Not knowing if you are ever going to read this makes me unsure of whether I should be writing it at all in the first place.
"You" has been a variety of different people in my life. Pronoun chosen more often than not to refer to someone of my past. "You" has ranged from my dad, through my first (ex)boyfriend, my first (ex)girlfriend, my late sister, my late best friend...
and now you - my last ex-girlfriend.
When was my dad, I could say anything I wanted about you. I could curse and trash-talk than powerfully defend and protect and it was all just fine. "A father is a father" they say, and that's supposed to make anything is acceptable and understandable.
Then there was my first boyfriend, but that you was out of sight and out of mind before I could say "thank you, next" cause I was young and desperate and for lack of a better way to put it, something better came along.
Next was they first she-you and this one lasted much longer than I would care to admit. But that's all I have to say about that now
my late sister and friend are always there. They are never replaced or forgotten.
And then there was you.
You've been on my mind. I miss you.
I know I made the right decision to tell you goodbye but that doesn't mean I am void of feelings for you or that I forgot all the fantastic things you did for me and how much I learned from you.
I saw a girl on a random social media and she reminded me of you. I've been watching her all day because I can't allow myself to watch you. I can't allow myself to sabotage my healing and detachment process by secretly pursuing you and negating the decision I made for myself.
This is all difficult.
I need to be free to express my emotions, longings and needs, but if I do express them as I am feeling them, then I bring back to life something I am trying to kill.

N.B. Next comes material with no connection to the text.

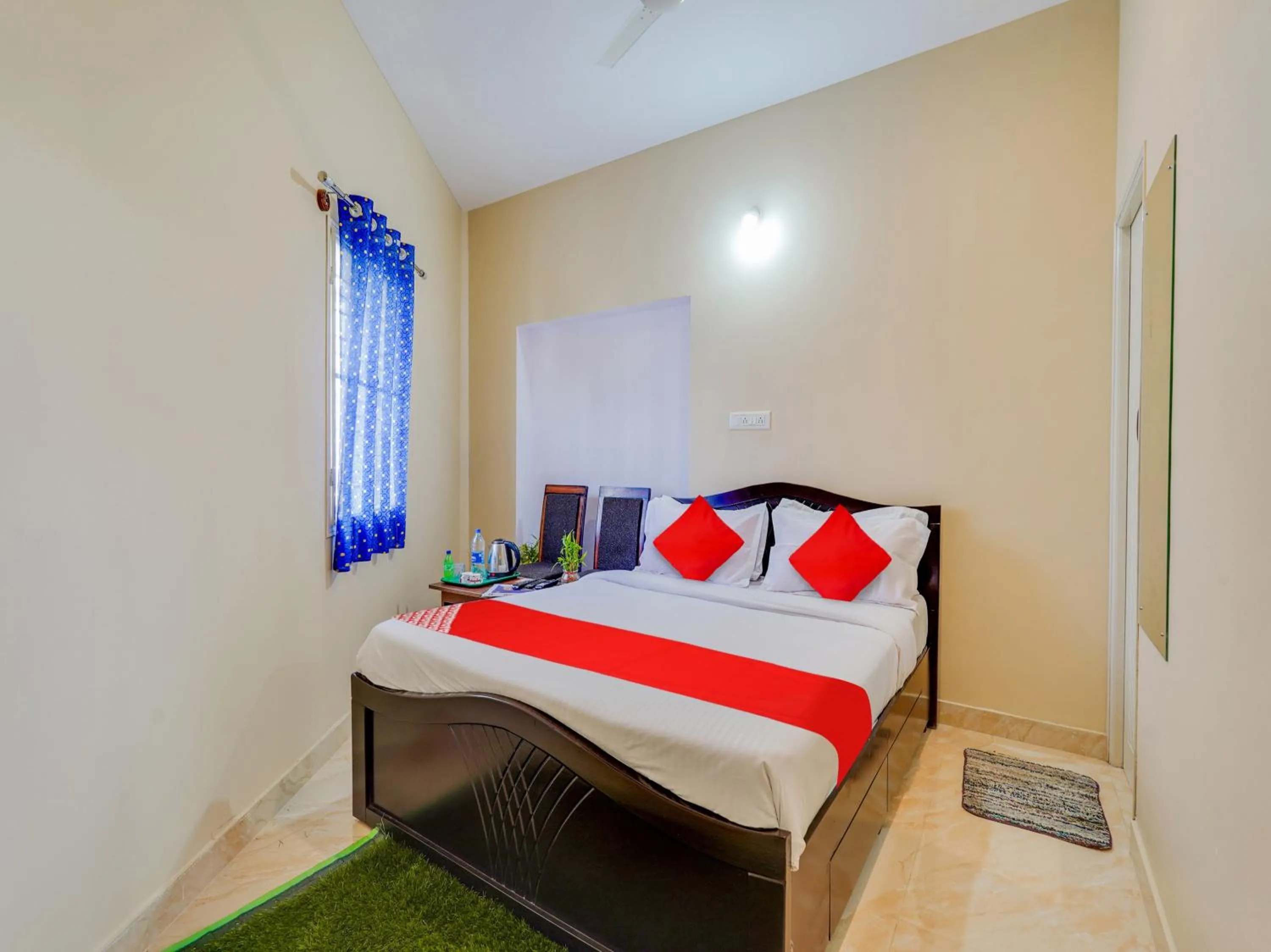 Classic Triple Room - single occupancy in Hotel O SGR Residency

Nevertheless, if this is to be my last manifesto about my feeling toward you, as they are in this moment, hoping they don't get to you so I can freely say what is stuck and begin to let it go, then here it is:
You are the best person to have ever come into my heart.
No one else has ever done me as much good as you have.
You were a dream come true too many aspects to count.
I miss you. I sometimes still love you. I hope I don't live to regret letting you go.
If I ever come to learn that I could've "had it all", leaving you will have been the greatest regret of my life.
You are beautiful both when you choose to look like a boy and like a woman.
But the beauty you carry inside is even more astonish.
You have your bruises and scars, but their cause never caused you to lose yourself.
I don't want to forget you. I wish I didn't have to.